Subject: Re: [PATCH v4 01/10] NFS4: remove a redundant lock range check

Looks good,

Reviewed-by: Christoph Hellwig <[email protected]>

2016-01-03 12:01:43

by Christoph Hellwig

[permalink] [raw]

Subject: Re: [PATCH v4 02/10] NFS: Move the flock open mode check into nfs_flock()

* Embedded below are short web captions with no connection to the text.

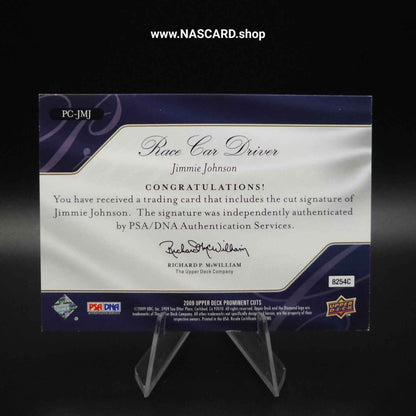 2009 Upper Deck Prominent Cuts Signatures Cut Signature #JMJ Jimmie Johnson 2/3 - NASCARD.shop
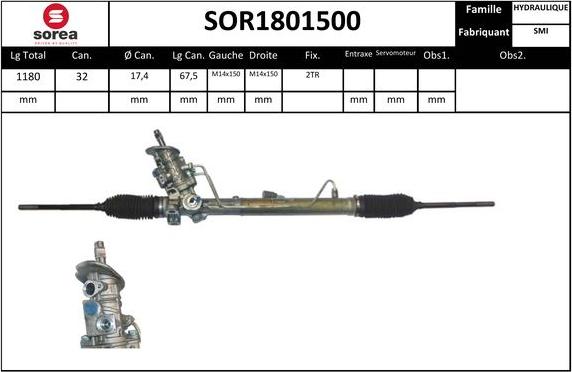EAI SOR1801500 - Steering Gear autospares.lv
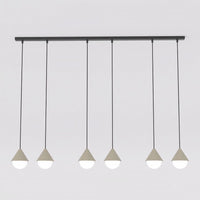 Giro hanglamp wit glas 4-lichts mokka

Looks fine, althought the switch label indentation is a little
unfortunate.

Reviewed-by: Christoph Hellwig <[email protected]>

2016-01-03 12:02:05

by Christoph Hellwig

[permalink] [raw]

Subject: Re: [PATCH v4 03/10] NFS: Pass nfs_open_context instead of file to the lock procs

Looks fine,

Reviewed-by: Christoph Hellwig <[email protected]>

2016-01-03 12:02:36

by Christoph Hellwig

[permalink] [raw]

Subject: Re: [PATCH v4 04/10] NFSv4: Pass nfs_open_context instead of nfs4_state to nfs4_proc_unlck()

Looks fine,

Reviewed-by: Christoph Hellwig <[email protected]>

2016-01-03 12:03:00

by Christoph Hellwig

[permalink] [raw]

Subject: Re: [PATCH v4 05/10] lockd: Plumb nfs_open_context into nlm client unlock

Looks fine,

Reviewed-by: Christoph Hellwig <[email protected]>

2016-01-03 12:04:06

by Christoph Hellwig

[permalink] [raw]

Subject: Re: [PATCH v4 06/10] lockd: Send the inode to nlmclnt_setlockargs()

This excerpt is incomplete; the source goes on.